• _Task brief_:
Pictures in the data below are not part of the copy; transcribe everything else exactly.

━━ Available data

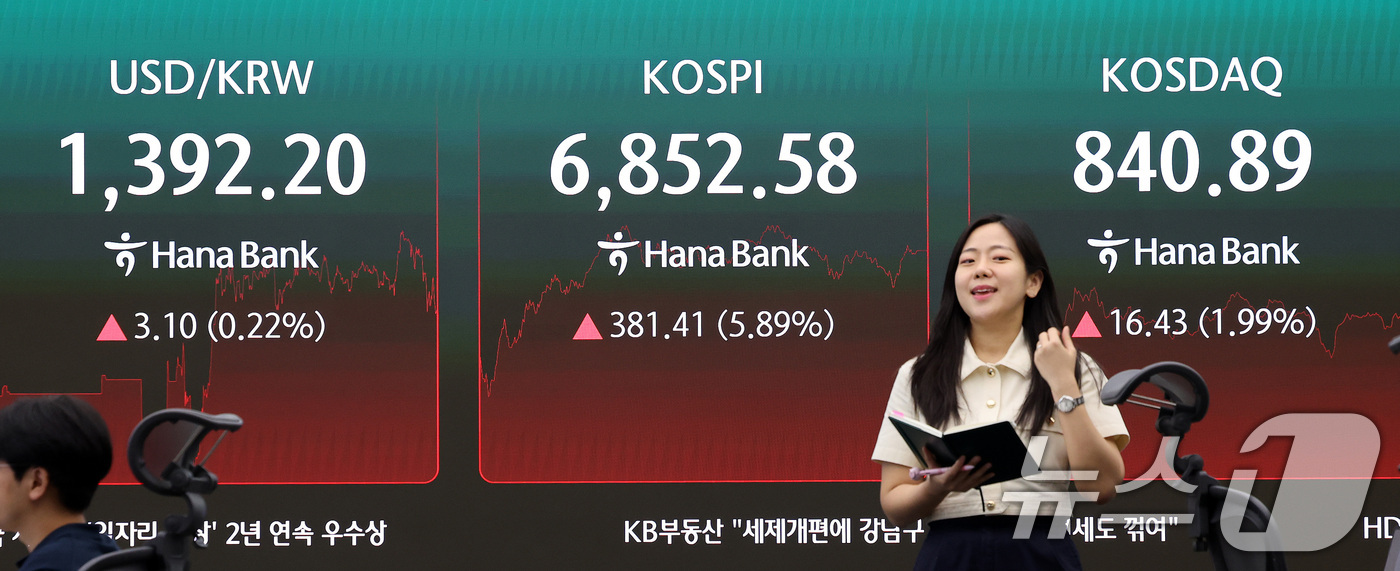 (서울=뉴스1) 박지혜 기자 = 20일 오후 서울 중구 하나은행 본점 딜링룸 전광판에 코스피 등 종가가 표시되고 있다.이날 코스피는 전일 종가와 비교해 381.41포인트(p)(5. …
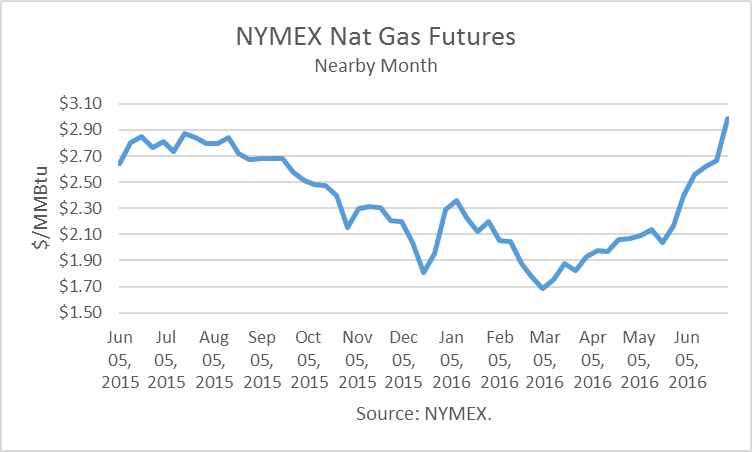 Forex pro natural gas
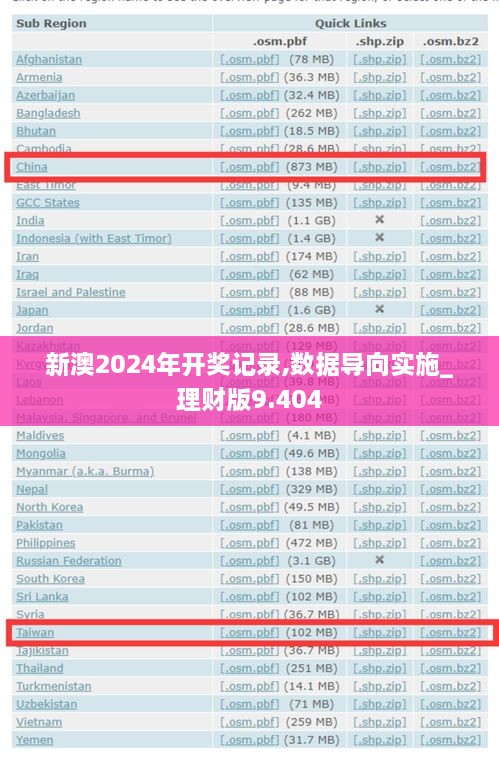 新澳2024年开奖记录,数据导向实施_理财版9.404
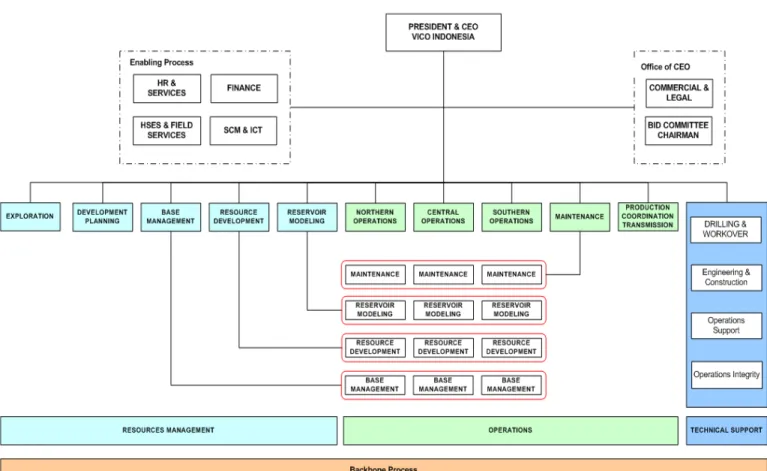 Gambar 4.2. Struktur Organisasi Berdasarkan Fungsi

━━━━

• _Task solution_:
 (서울=뉴스1) 박지혜 기자 = 20일 오후 서울 중구 하나은행 본점 딜링룸 전광판에 코스피 등 종가가 표시되고 있다.이날 코스피는 전일 종가와 비교해 381.41포인트(p)(5. …
 Forex pro natural gas
 新澳2024年开奖记录,数据导向实施_理财版9.404
 Gambar 4.2. Struktur Organisasi Berdasarkan Fungsi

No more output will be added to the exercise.